- [Source material]
---

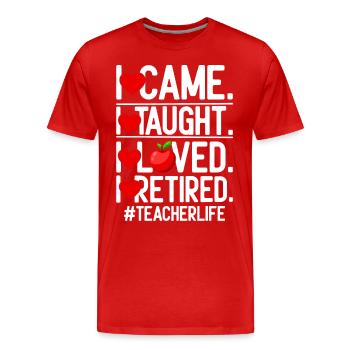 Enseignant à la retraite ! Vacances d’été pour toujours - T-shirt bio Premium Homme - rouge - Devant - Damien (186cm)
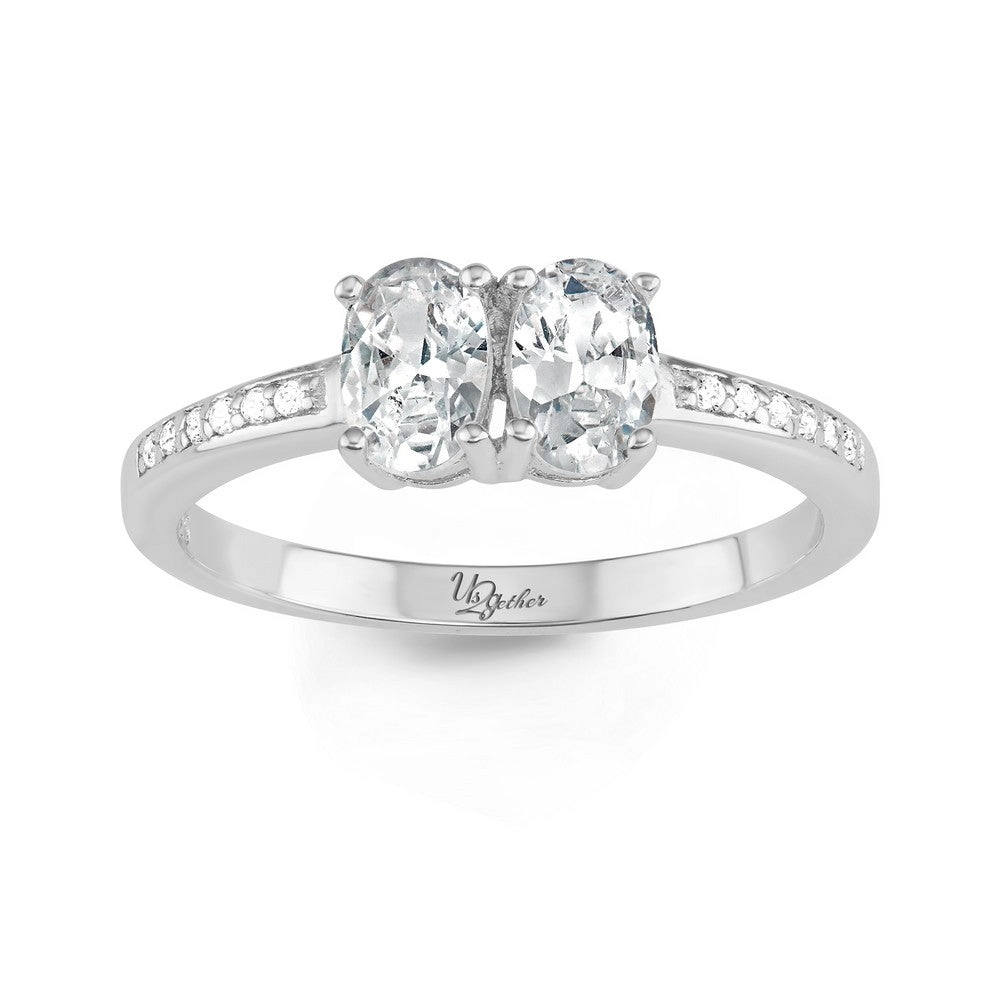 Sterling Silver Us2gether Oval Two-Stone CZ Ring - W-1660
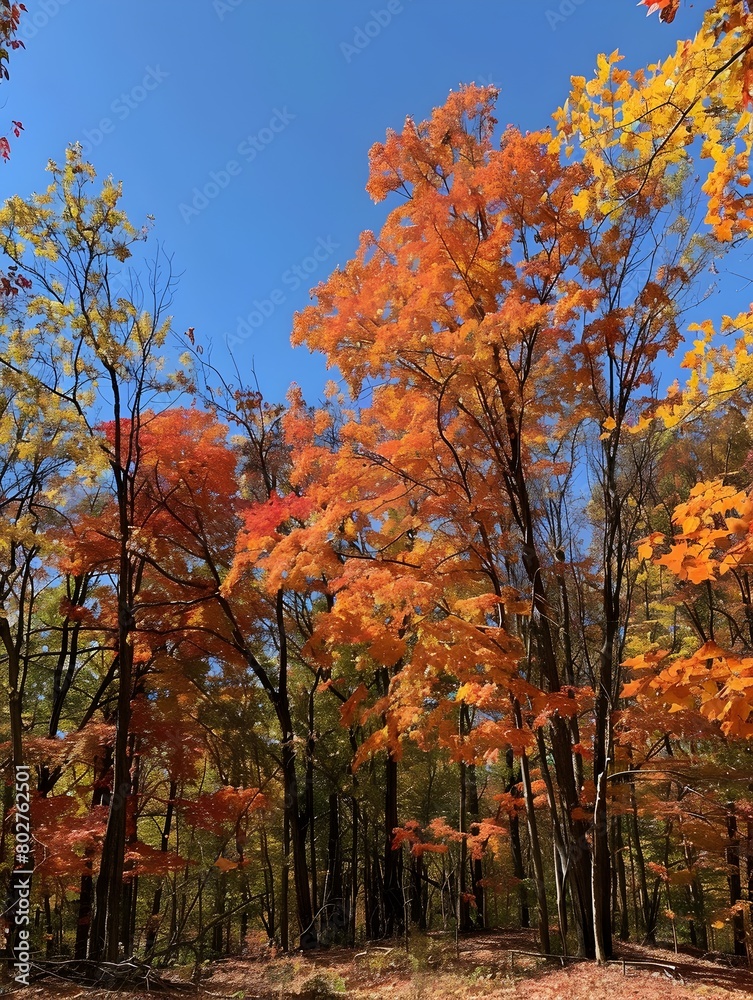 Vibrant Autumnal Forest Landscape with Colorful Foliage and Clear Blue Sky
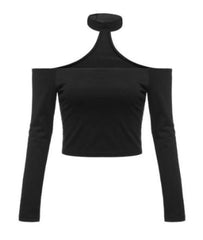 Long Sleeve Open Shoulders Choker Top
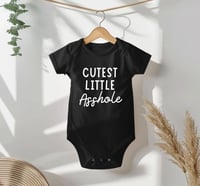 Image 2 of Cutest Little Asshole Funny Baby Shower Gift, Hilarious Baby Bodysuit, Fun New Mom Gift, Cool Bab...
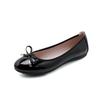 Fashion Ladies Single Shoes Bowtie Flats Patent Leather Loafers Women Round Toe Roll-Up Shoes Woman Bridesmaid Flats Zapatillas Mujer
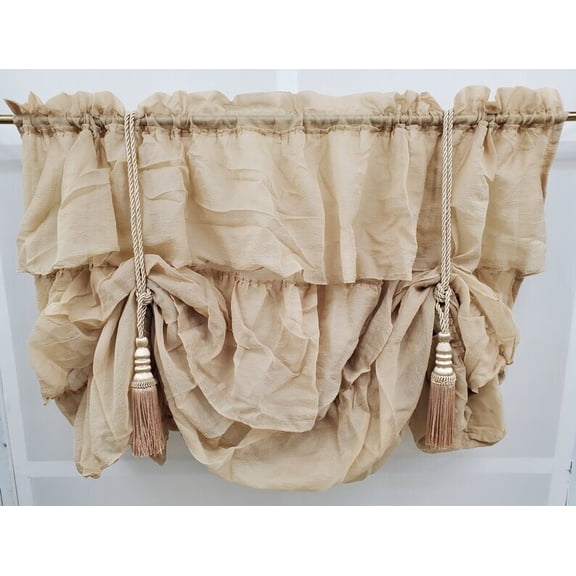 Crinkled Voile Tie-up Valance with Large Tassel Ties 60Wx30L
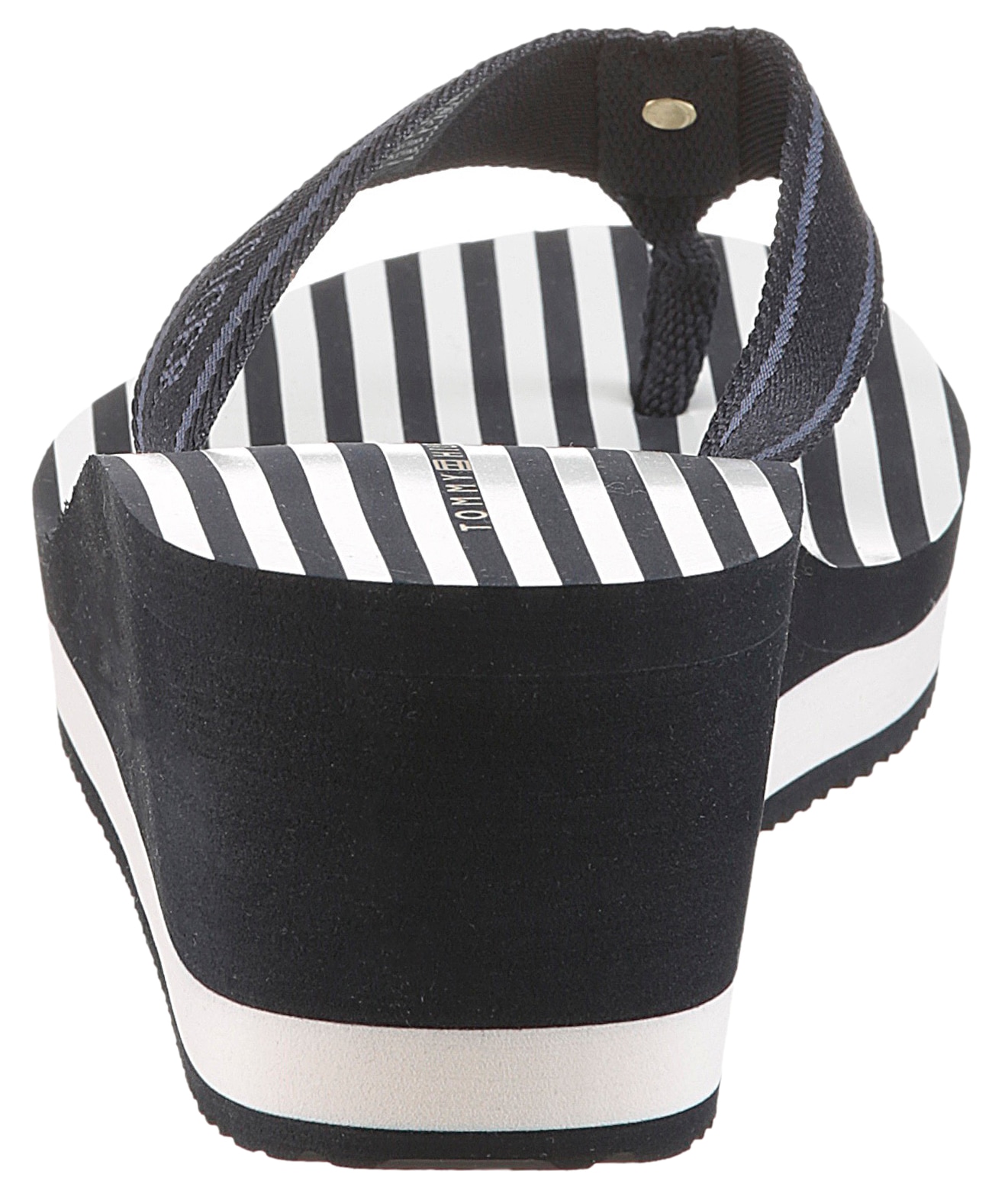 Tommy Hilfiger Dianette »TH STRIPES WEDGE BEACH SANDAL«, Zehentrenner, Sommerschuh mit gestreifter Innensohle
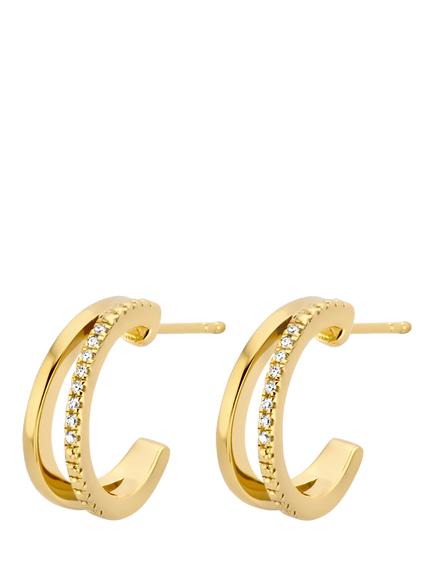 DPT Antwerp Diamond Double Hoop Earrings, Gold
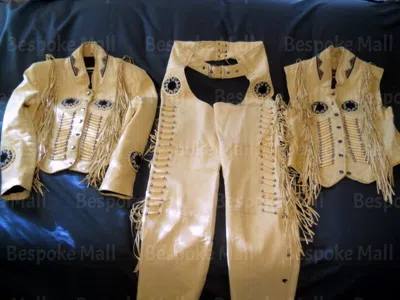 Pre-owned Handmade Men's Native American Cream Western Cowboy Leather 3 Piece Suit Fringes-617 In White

---

- [Assignment]
Above are the records; copy from them only the lines starting at the one containing "Image 2 of Cutest" and ending at the one containing "Tommy Hilfiger Dianette", exactly and without pictures.

- [Output for this task]
 Image 2 of Cutest Little Asshole Funny Baby Shower Gift, Hilarious Baby Bodysuit, Fun New Mom Gift, Cool Bab...
 Fashion Ladies Single Shoes Bowtie Flats Patent Leather Loafers Women Round Toe Roll-Up Shoes Woman Bridesmaid Flats Zapatillas Mujer
 Crinkled Voile Tie-up Valance with Large Tassel Ties 60Wx30L
 Tommy Hilfiger Dianette »TH STRIPES WEDGE BEACH SANDAL«, Zehentrenner, Sommerschuh mit gestreifter Innensohle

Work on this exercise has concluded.